Singer to release third album November 6.

Faith Evans will attest to the power of the album guest appearance. The singer, who'll appear on the new DMX LP, said her spots alongside such performers as Eric Benét, Jon B. and, most notably, Carl Thomas on P. Diddy's album, allowed her star to shine despite not having a project to call her own since 1998's Keep the Faith.

"It kept me in people's minds," the New Jersey native, who's now comfortably settled in Atlanta, said last week. "I moved to another state, had two kids. It bought me time without losing an audience."

With her third album, Faithfully, scheduled for a November 6 release, Evans has reinvented herself a bit for her new video.

"It's a refreshing take on Faith Evans," she said about the Chris Robinson-directed clip for her single "You Gets No Love." "It's bright, colorful and fun. We shot the video in the Crenshaw area of [South Central] L.A., in my husband's neighborhood. It was a lot of low riders and we're in the arcade playing the pinball game.
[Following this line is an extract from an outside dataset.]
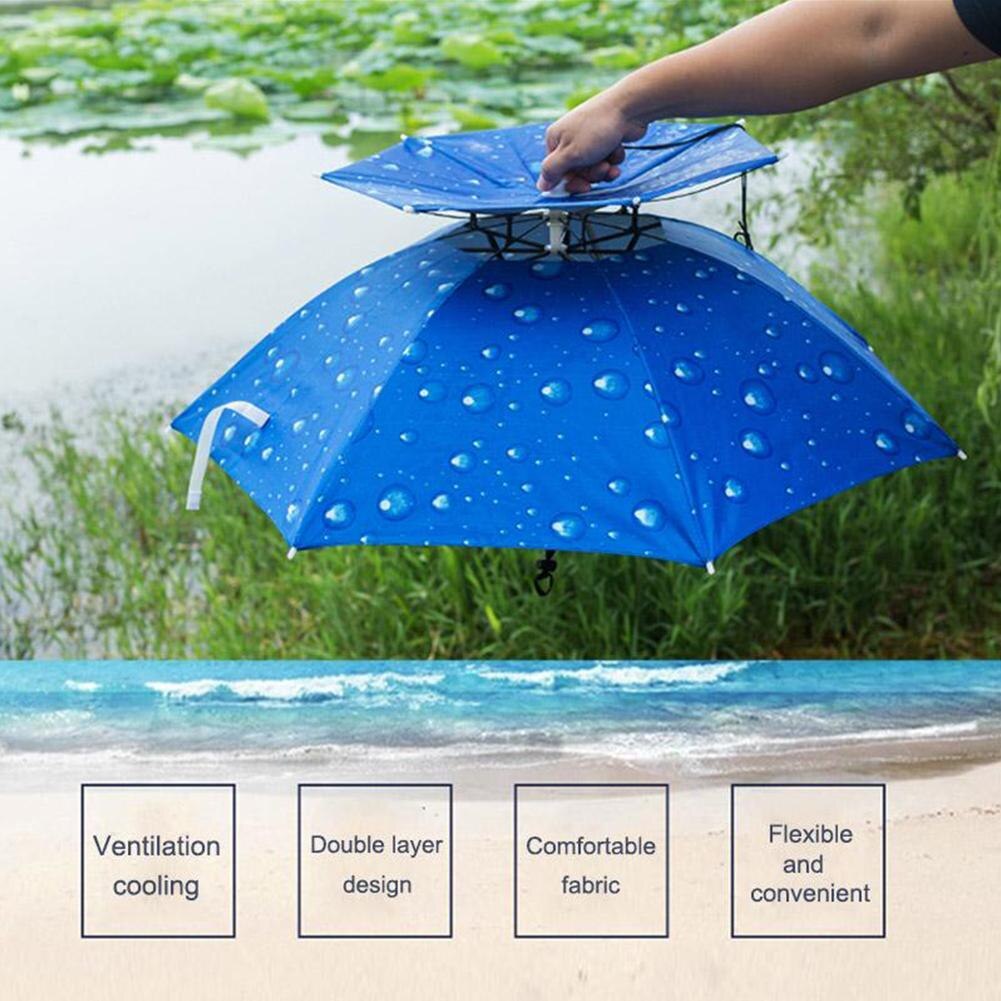 Hoofd Paraplu Hoed Dubbele Laag Opvouwbare Hoofd Slijtage Zonnebrandcrème Parasol Mat Draagbare Regenkleding Outdoor Vissen Camping Paraplu Cap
I kind of catch my boyfriend in a funny situation."

Although the singer won't disclose the whole plot of the video, with lines such as "Whatever you do, it comes back to you, bitch," in the song, you can infer that she'll exact some measure of revenge on a cheating boyfriend.

"The first single is unexpected, because I think I've been portrayed as a soft-spoken, turn-the-other-cheek [type]," Evans said. "But I'm human, I go through drama, I break."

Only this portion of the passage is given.